DATASET EXTRACT:
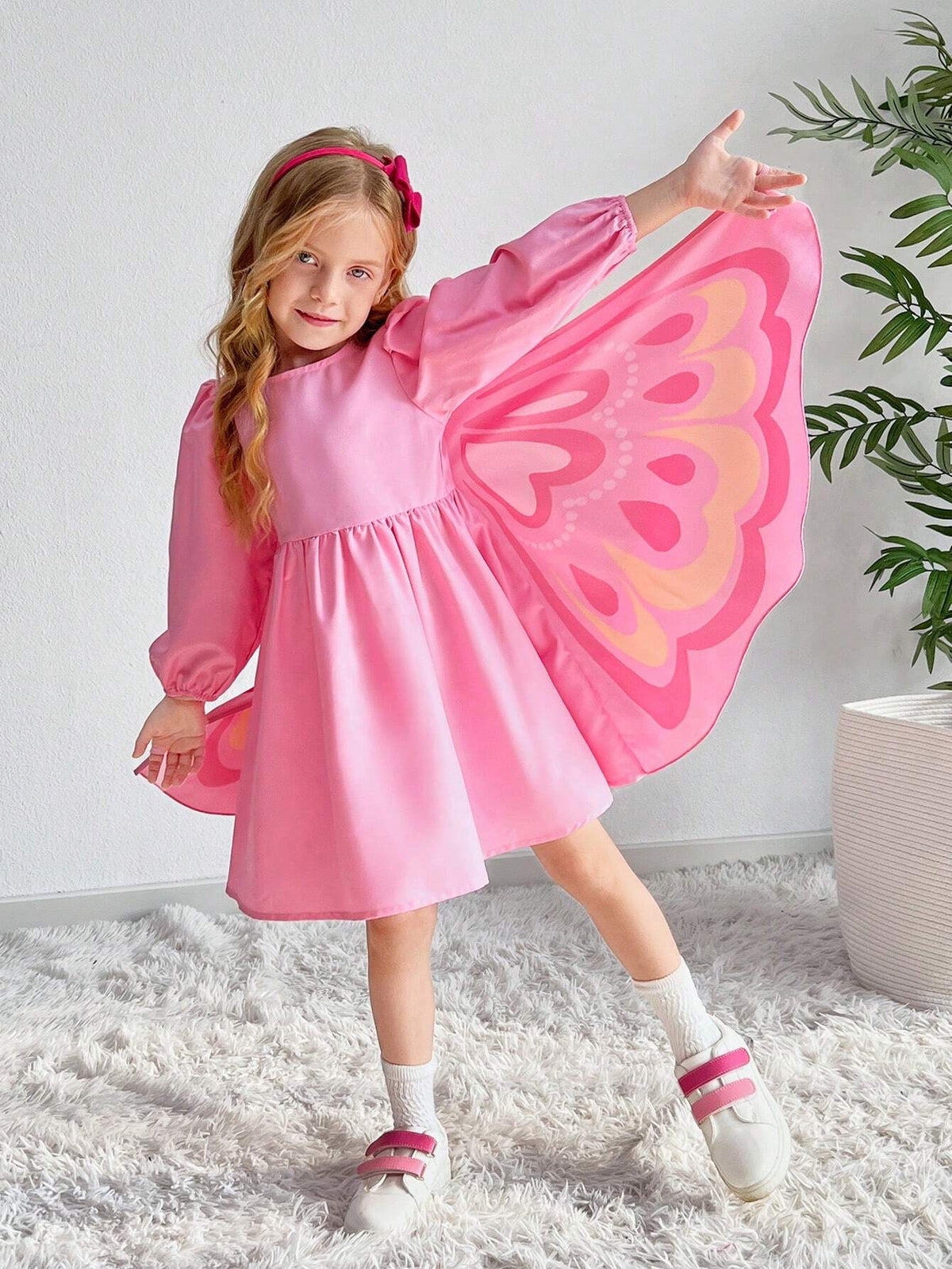 Young Girl Casual Matching Mother-Daughterl Cute Pink 3D Butterfly Shaped Fly Sleeve Dress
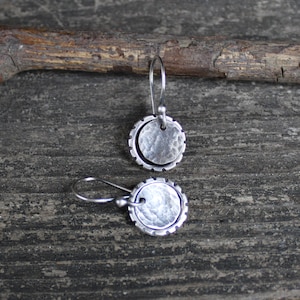 Rustic Hammered Sterling Silver Disc Dangle Earrings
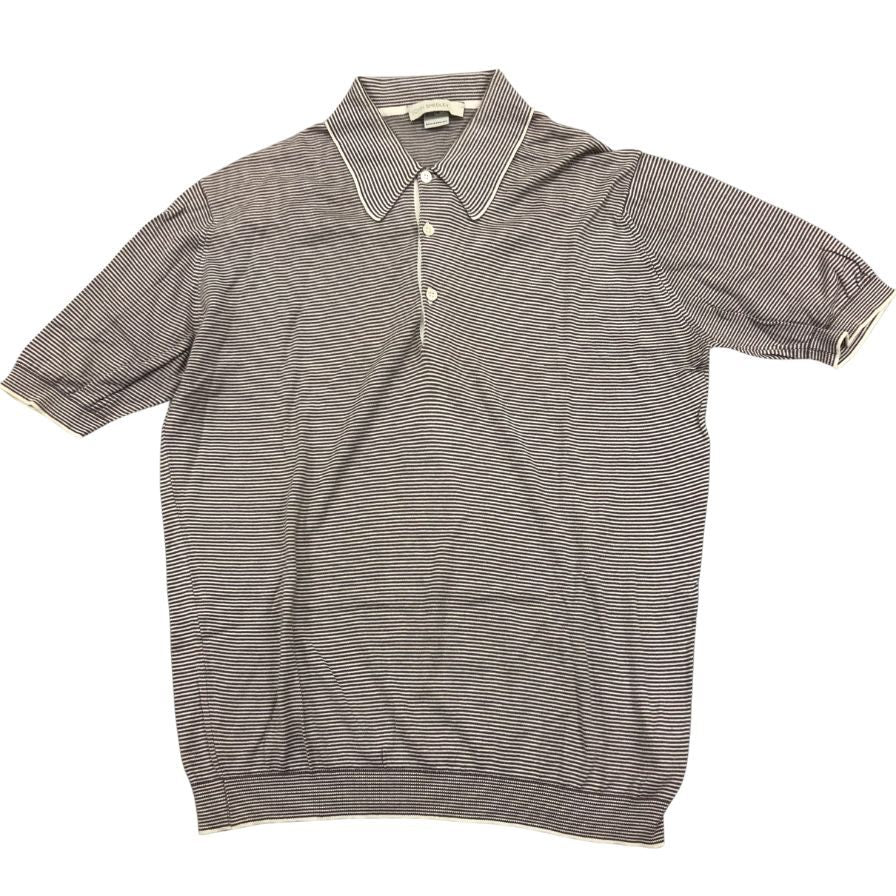 美品◆ジョンスメドレー ポロシャツ ニット 半袖 ボーダー サイズM メンズ グレー系 JOHN SMEDLEY 【AFB2】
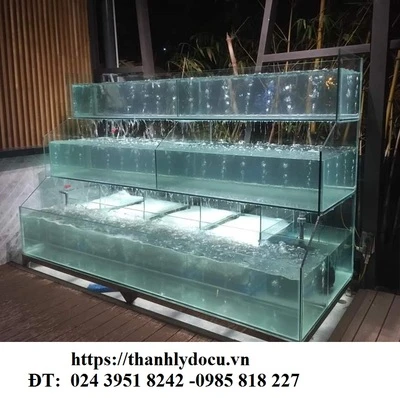 Bể cá nhà hàng 3 tầng kính chồng kính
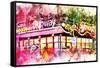 NYC Watercolor Collection - Times Square Subway-Philippe Hugonnard-Framed Stretched Canvas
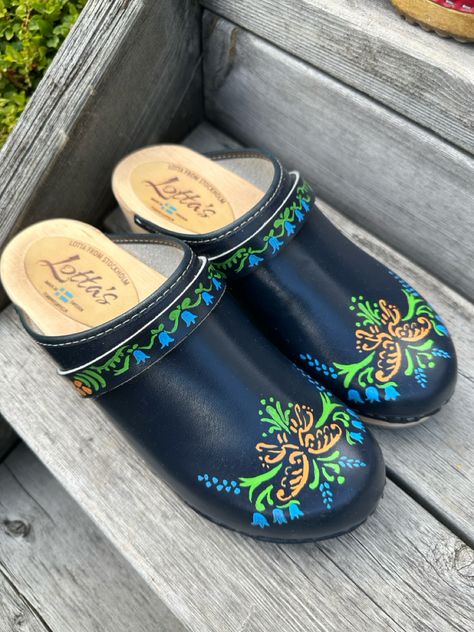 Hand painted clogs swedish womens sig-Fae Painted Clogs, Clogs, Hand Painted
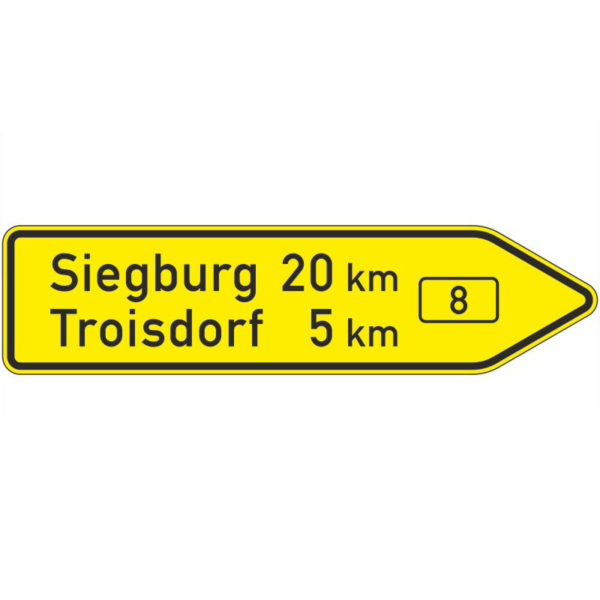 VZ 415-20 Pfeilwegweiser auf Bundesstraßen, rechtsweisend | gemäß StVO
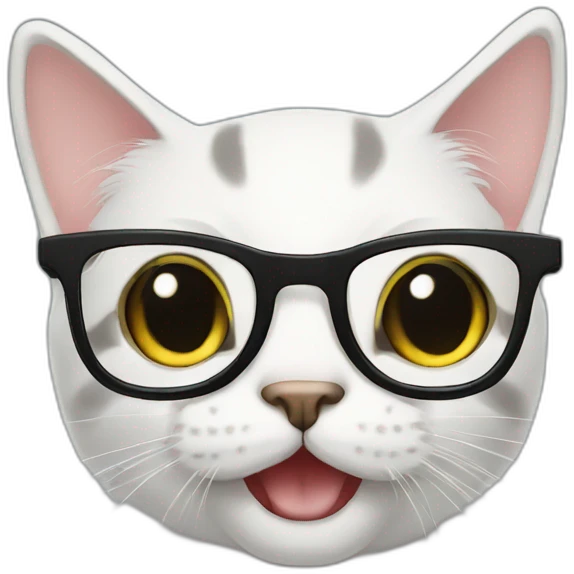 Cat black smile glasses emoji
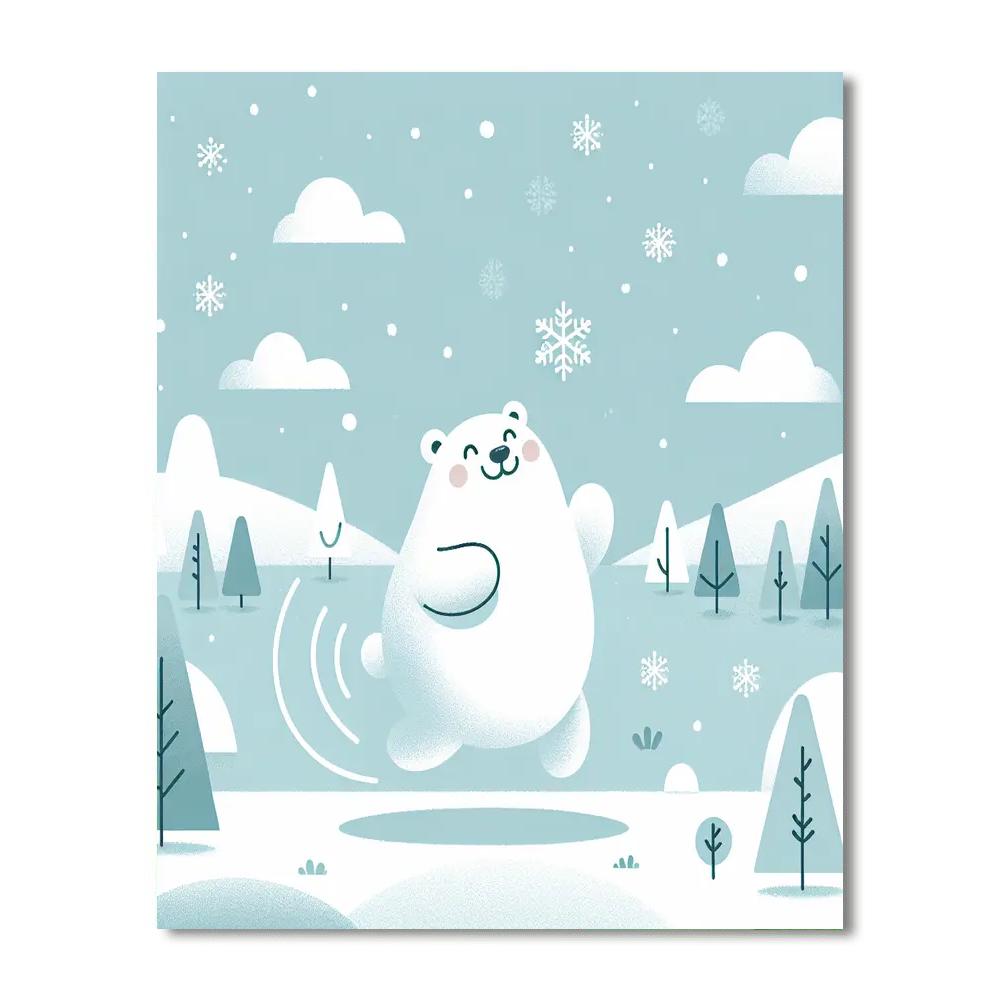 Frosty Polar Bear's Snowy Adventure Paint By Color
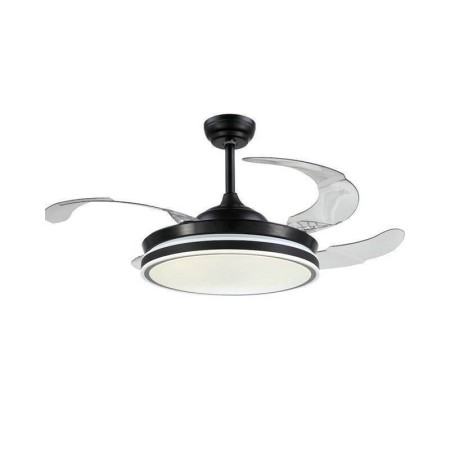 Invisible Retractable Fan Light Remote Control Black LED Ceiling Fan with Light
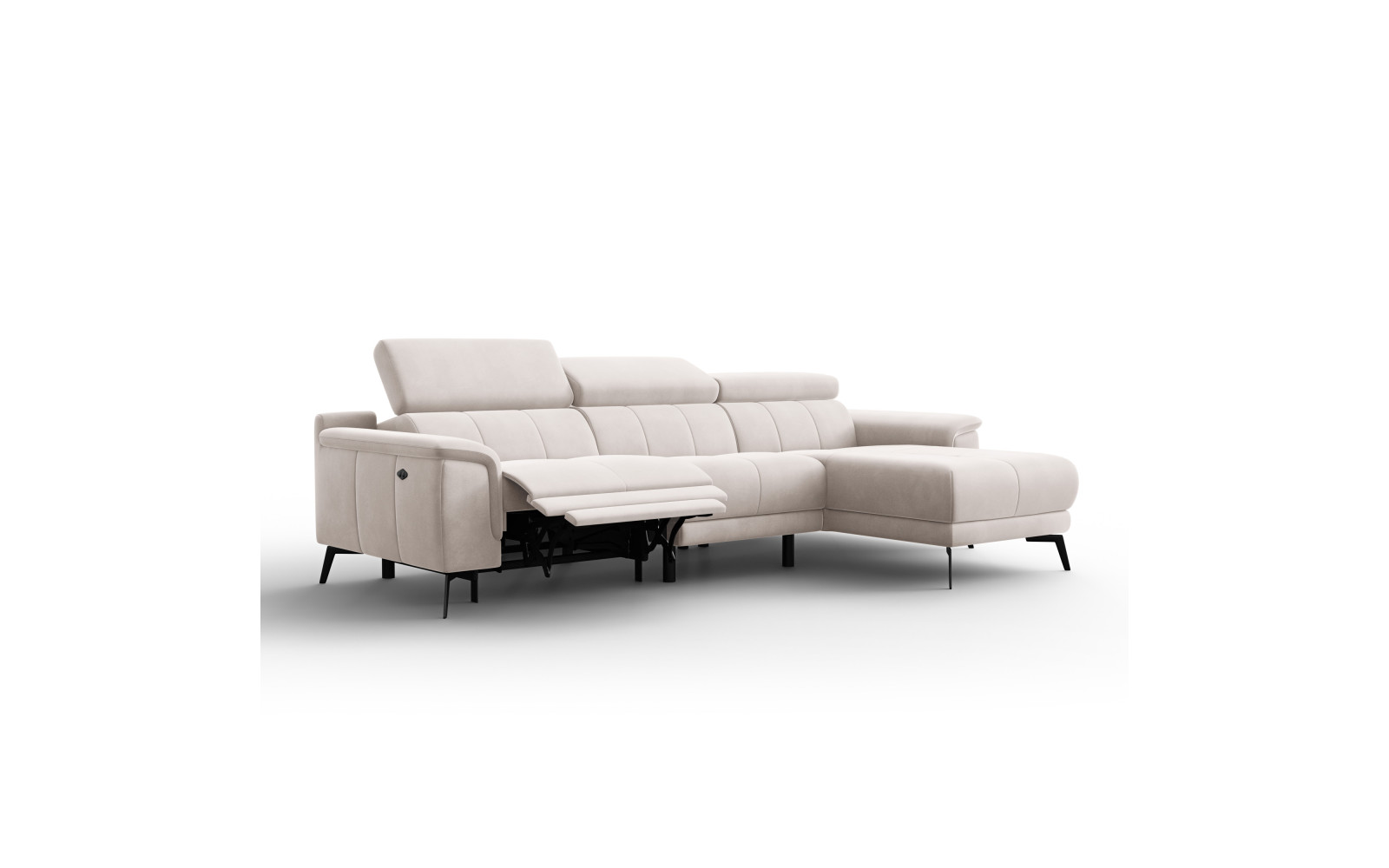 Canapé d'angle relax 4 places droit FIERO, tissu velours beige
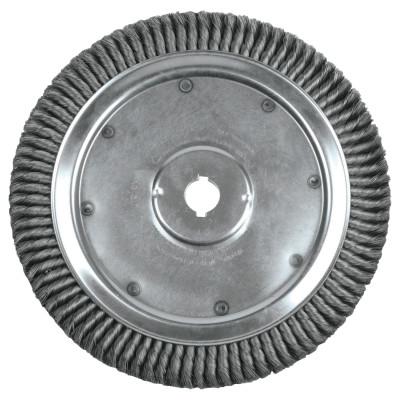Weiler® High Density Twist Knot Wire Wheel, 14 in D, .016 in Steel, 1-1/4 in Arbor Hole, 09799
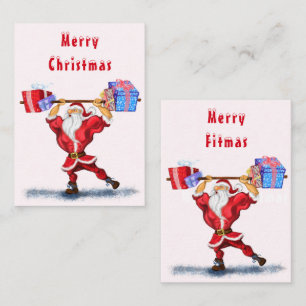 Notas Cartão de Natal do Papai Noel Fitness Divertido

WHAT YOU NEED TO DO: Leaving out the pictures, print every record exactly as written.

COMPLETED TASK:
 Young Girl Casual Matching Mother-Daughterl Cute Pink 3D Butterfly Shaped Fly Sleeve Dress
 Rustic Hammered Sterling Silver Disc Dangle Earrings
 美品◆ジョンスメドレー ポロシャツ ニット 半袖 ボーダー サイズM メンズ グレー系 JOHN SMEDLEY 【AFB2】
 Bể cá nhà hàng 3 tầng kính chồng kính
 NYC Watercolor Collection - Times Square Subway-Philippe Hugonnard-Framed Stretched Canvas
 Hand painted clogs swedish womens sig-Fae Painted Clogs, Clogs, Hand Painted
 VZ 415-20 Pfeilwegweiser auf Bundesstraßen, rechtsweisend | gemäß StVO
 Cat black smile glasses emoji
 Frosty Polar Bear's Snowy Adventure Paint By Color
 Invisible Retractable Fan Light Remote Control Black LED Ceiling Fan with Light
 Canapé d'angle relax 4 places droit FIERO, tissu velours beige
Weiler® High Density Twist Knot Wire Wheel, 14 in D, .016 in Steel, 1-1/4 in Arbor Hole, 09799
 Notas Cartão de Natal do Papai Noel Fitness Divertido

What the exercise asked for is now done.